One of the great things about Motorsport is the sheer variety of vehicles and categories in which they can compete. With categories to suit everything from an entirely unmodified vehicle (ignoring the compulsory safety additions) to the most extreme examples of purpose-built machines. At the top level there has always been a back and forth push in regulations between governing bodies and the teams competing. Similar to evolution, it is only a matter of time before they come up with a way to get around each new set of regulations, bend those regulations or to be just as quick as before by utilising another ingenious method. An excellent example is the last 25 years of Formula One. We’ve seen high-rise front wings, active suspension, full slicks come and go and Turbochargers come, go and reappear again! Ground effects appeared before being outlawed, the rise of computer control leading to the very controlled use of traction control and stability systems and more recently the KERS systems.
The Nature of the resulting Arms race means that throughout Motorsport history we see spikes where the rules are lax and manufacturers imaginations run wild giving us some truly insane vehicles. The 80’s were prime for this as new technologies emerged quickly and rewarded us with a decade of incredible racing.
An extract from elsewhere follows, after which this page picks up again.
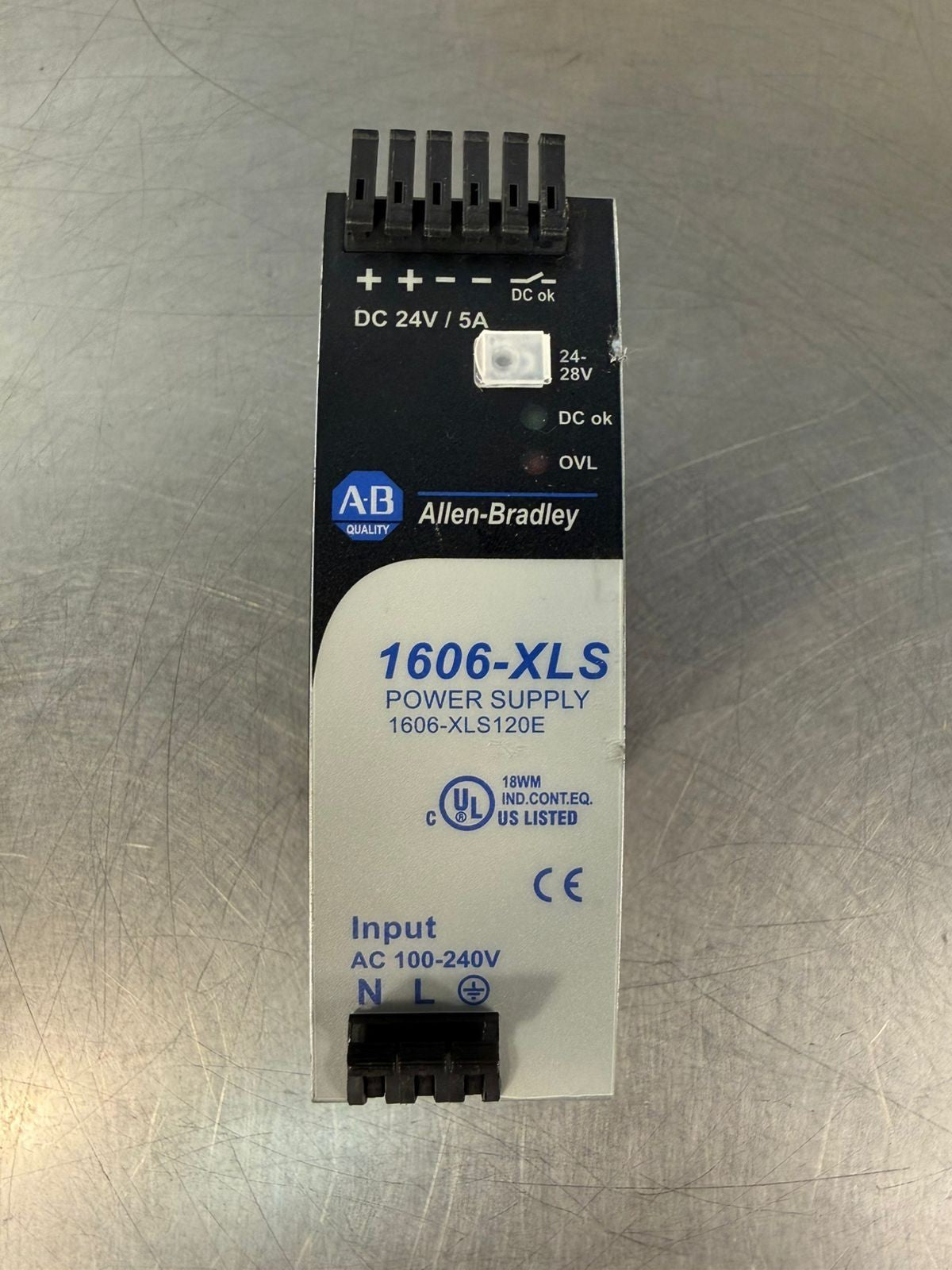 Allen-Bradley 1606-XLS120E /A Power Supply 1-Ph 24V 5A 120W       (4.2.3)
At the forefront of this was the last years of the Group 5 Sports car category.
Group 5 was a long-lasting series that went through several iterations in its time. Beginning as a class for production touring cars in the 1960’s and growing to include The Group 5 Sports car Championship in the 1970’s, These cars were limited to 5000cc engine capacity with no minimum production number and competed in the World Championship of Makes alongside prototype sports cars and would become the Group C sports cars of the late 1980’s. The Production based class was limited to a smaller 3000cc.
The late 1970’s and early 1980’s gave us some truly off-the-wall production based touring cars, and when we say production based we mean in the loosest sense possible with the rules only requiring the Bonnet, roof and doors to remain unmodified. Group 5 was remarkably similar to the IMSA and Japanese Silhouette series and indeed Group 5 cars did compete in these series. The over exaggerated Boxed guards, ridiculously low splitters and obnoxiously modified Turbocharged power plants rendered the vehicles almost indistinguishable from their road going counterparts. Possible the most famous of Group 5 production cars were the “Moby Dick” Porsche 935(below) and the Zakspeed Ford Capri although entires came from various manufacturers including the popular but lesser known Lancia Beta Montecarlo (above) and Lotus Esprit.
Like Group B cars built for the track they were a cacophony of flames, whistles and bangs and when there is a grid of 30 racing door to door the spectacle cannot be denied. Turbocharging was in its infancy despite being around for many years already and the untameable nature of these laggy turbocharged monsters gave them a certain semblance in the flesh. While there aren’t many “Genuine Article” Group 5 cars around there are a few that call Australia home and see occasional track time and events and displays. If you ever get the opportunity to see one in the flesh we recommend you take it.